*** Available data
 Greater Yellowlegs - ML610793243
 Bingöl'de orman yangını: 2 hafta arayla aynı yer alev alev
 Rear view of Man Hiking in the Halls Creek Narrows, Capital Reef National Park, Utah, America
******
*** Available data
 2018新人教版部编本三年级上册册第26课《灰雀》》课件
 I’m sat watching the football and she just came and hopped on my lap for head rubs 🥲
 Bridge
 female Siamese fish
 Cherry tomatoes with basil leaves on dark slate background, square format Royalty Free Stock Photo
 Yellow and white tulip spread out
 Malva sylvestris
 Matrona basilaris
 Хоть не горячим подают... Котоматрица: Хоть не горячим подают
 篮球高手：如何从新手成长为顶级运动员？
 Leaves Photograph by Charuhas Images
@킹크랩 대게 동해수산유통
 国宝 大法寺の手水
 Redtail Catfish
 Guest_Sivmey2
******
*** Available data
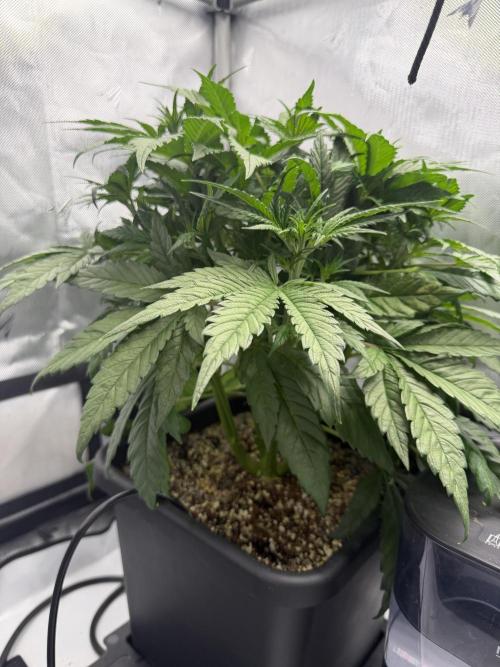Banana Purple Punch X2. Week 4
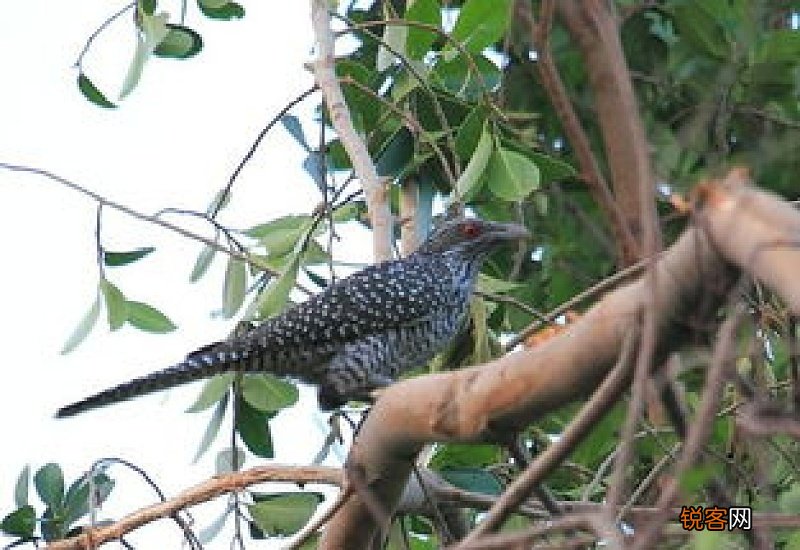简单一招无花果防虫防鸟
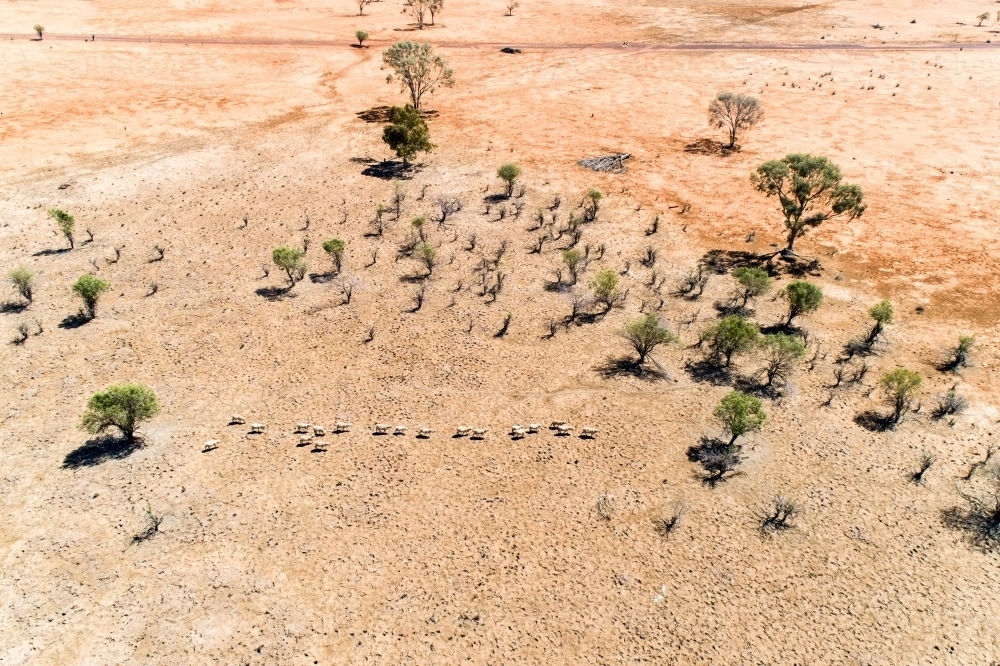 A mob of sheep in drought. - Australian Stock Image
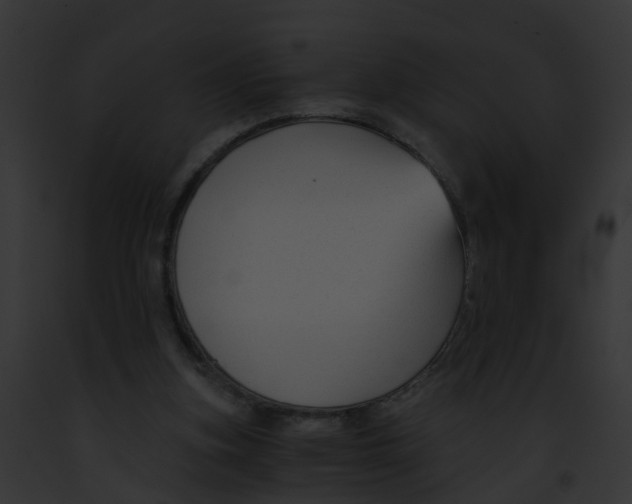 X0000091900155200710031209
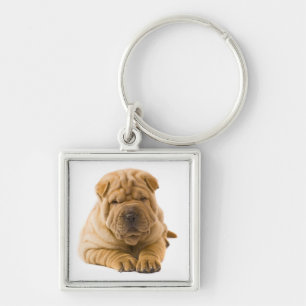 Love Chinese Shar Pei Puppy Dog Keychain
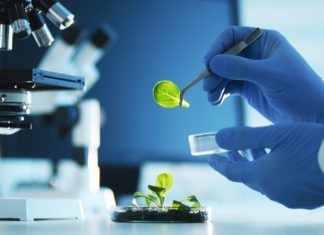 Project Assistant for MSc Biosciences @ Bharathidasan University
******
§ **Task to carry out**: Where the listing above has a line with "Greater Yellowlegs - ML610793243", start there, and output every line exactly through the line with "Rear view of", which is also included.

§ **Answer to this task**:
 Greater Yellowlegs - ML610793243
 Bingöl'de orman yangını: 2 hafta arayla aynı yer alev alev
 Rear view of Man Hiking in the Halls Creek Narrows, Capital Reef National Park, Utah, America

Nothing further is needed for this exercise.